Today's consumers are more concerned than ever before about the foods they eat, yet they struggle to find the nutrition information needed to make informed purchasing decisions.
In fact, nearly half of consumers (49%) adhere to a particular diet or nutrition plan, and 75% avoid specific ingredients when shopping for food products, according to 2017 Shopper Trends Study, a report published by Label Insight, St. Louis, Mo. However, 67% of consumers say it is challenging to determine whether a food product meets their needs simply by looking at the package label, and nearly half of consumers (48%) consider themselves "not informed at all" about a food product even after reading the label.
"Consumers vary in their definitions of healthy, and they want more detailed ingredient information. Today's product packaging is not meeting those needs," says Patrick Moorhead, chief marketing officer. "Keeping pace with consumers' increasing demand for product transparency is one of the most challenging issues facing the food and beverage industry today."

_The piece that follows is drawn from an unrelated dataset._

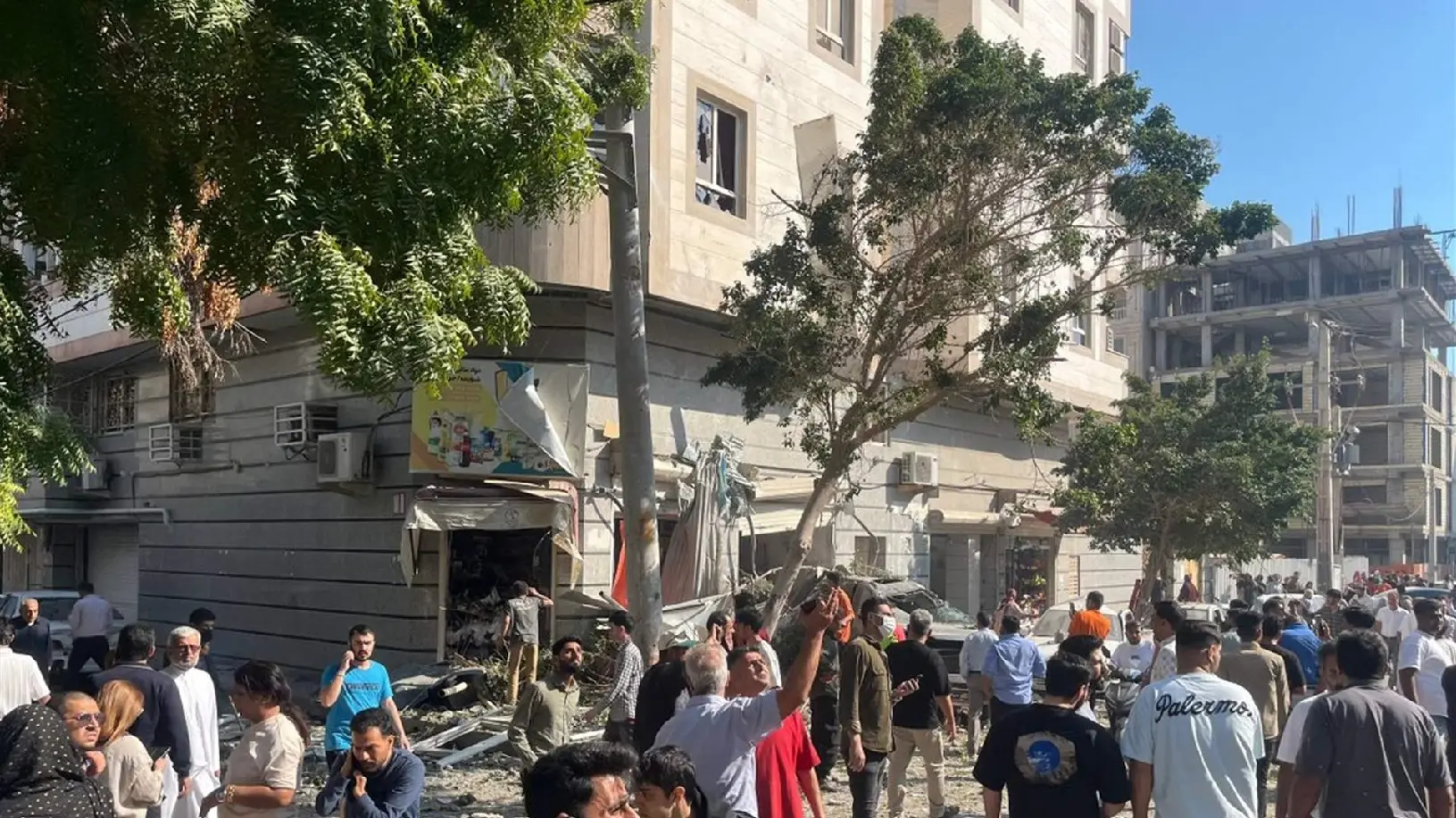 Two explosions rock southern Iran; Tehran denies IRGC navy commander assassination reports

The study examines dietary preferences and consumers' ability to find the nutritional information needed to make informed purchasing decisions. Key findings from the study include:
- Nearly half (49%) of consumers adhere to a particular diet or health-related eating program.
- Nearly half (44%) of consumers say food allergies, intolerances or sensitivities affect the way they shop.
- 98% of consumers believe ingredients are an important consideration in the food products they buy, and 75% of consumers examine ingredients before they buy to ensure products meet their dietary needs.
- 75% of consumers avoid specific ingredients when shopping for food products, including:
- High-fructose corn syrup - 56%
- Artificial sweeteners - 44%
- Preservatives - 36%
- Artificial colors - 36%
- Artificial flavors - 35%
- 85% of consumers seek out specific superfoods, including:
- Blueberries - 63%
- Avocado - 60%
- Green tea - 50%
- Kale - 44%
- Cinnamon - 44%
- 67% of consumers find it challenging to determine whether a food product meets their needs by reviewing the package label.
- Half of consumers (48%) consider themselves to be "not informed at all about the product" after reading a product's label.